Events in the year 2023 in Nepal.

== Incumbents ==
- President:
  - Bidhya Devi Bhandari (until 13 March)
  - Ram Chandra Poudel (since 13 March)
- Vice President:
  - Nanda Kishor Pun (until 20 March)
  - Ram Sahaya Yadav (since 20 March)
- Prime Minister: Pushpa Kamal Dahal
- Chief Justice:
  - Hari Krishna Karki (until 4 August 2023)
  - Bishowambhar Prasad Shrestha (since 22 August 2023)
- Speaker of House of Representatives: Dev Raj Ghimire (since January 19)
- Chairman of National Assembly: Ganesh Prasad Timilsina

=== Provincial Governors ===
- Governor of Bagmati Province: Yadav Chandra Sharma
- Governor of Gandaki Province: Prithvi Man Gurung
- Governor of Karnali Province: Tilak Pariyar
- Governor of Koshi Province: Parshuram Khapung
- Governor of Lumbini Province: Amik Sherchan
- Governor of Madhesh Province: Hari Shankar Mishra
- Governor of Sudurpashchim Province: Dev Raj Joshi

== Events ==

=== January ===
- 1 January – Pokhara International Airport officially begins operations.
- 10 January – Prime Minister Dahal secures a motion of confidence with 268 out of 270 votes in the 275-member House of Representatives.
- 15 January – Yeti Airlines Flight 691: All 72 people on board are killed when a plane crashes in Pokhara, Gandaki province, where it had intended to land at Pokhara International Airport.
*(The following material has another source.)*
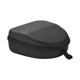 thumbnail image 2 of Estuche Para Auriculares Protector A Prueba De Golpes Accesorios Elegantes Bolsa De Almacenamiento Para Auriculares Negro, 2 of 3
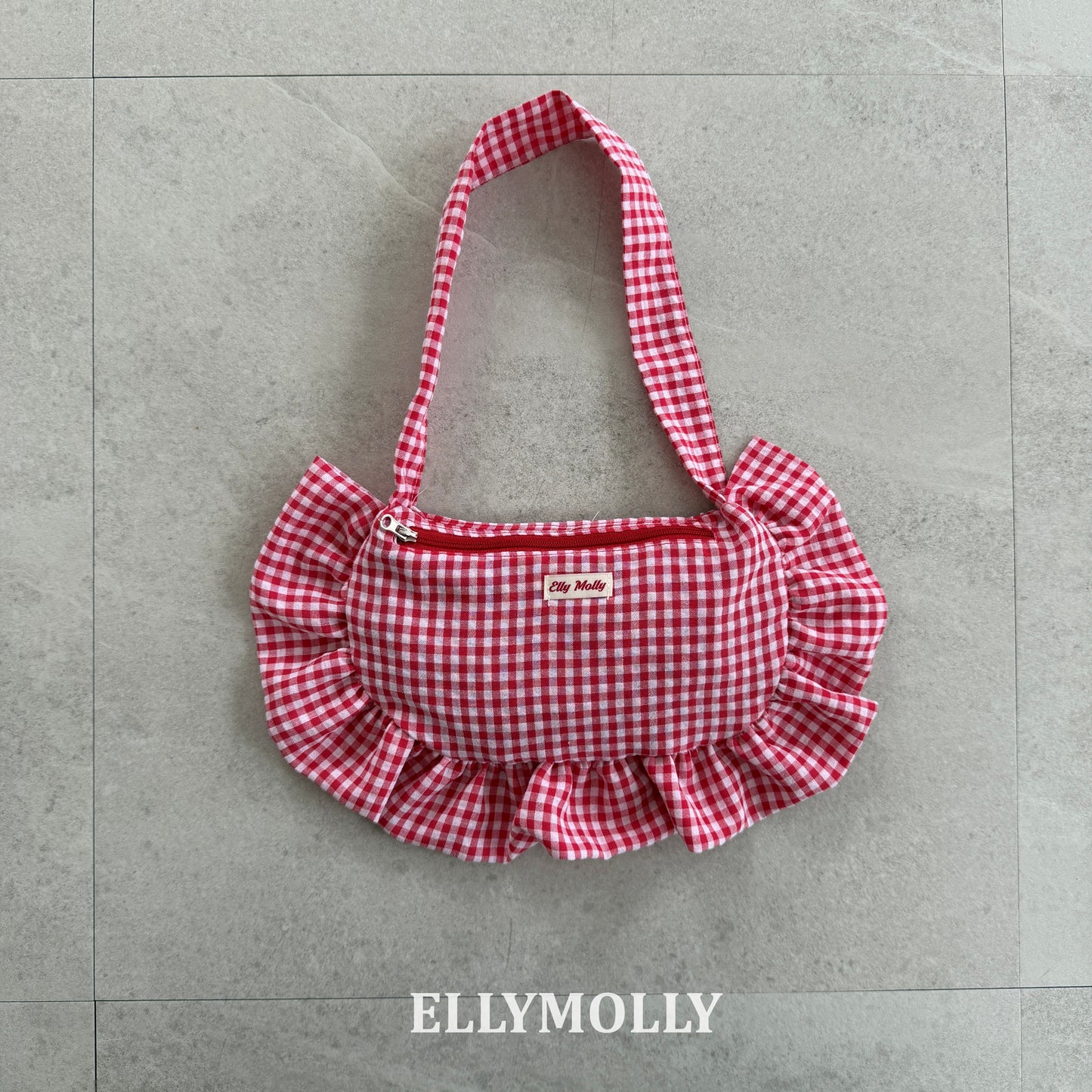 【PREORDER 4日間限定】24. Mini Frill Bag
The plane had departed from Tribhuvan International Airport in Kathmandu.
- 24 January – At least one person is killed and one other is injured by a 5.4 magnitude earthquake in Bajura and Bajhang districts.
- 27 January – Deputy Prime Minister and Minister for Home Affairs, Rabi Lamichhane, is stripped of all his elected positions after the Supreme Court ruled that he did not follow due process while re-obtaining Nepali citizenship after renouncing his American citizenship, and thus, he was not a legal Nepali citizen.

=== February ===

- 5 February – Cabinet ministers from the Rastriya Swatantra Party resign, but the party maintains its support to the government.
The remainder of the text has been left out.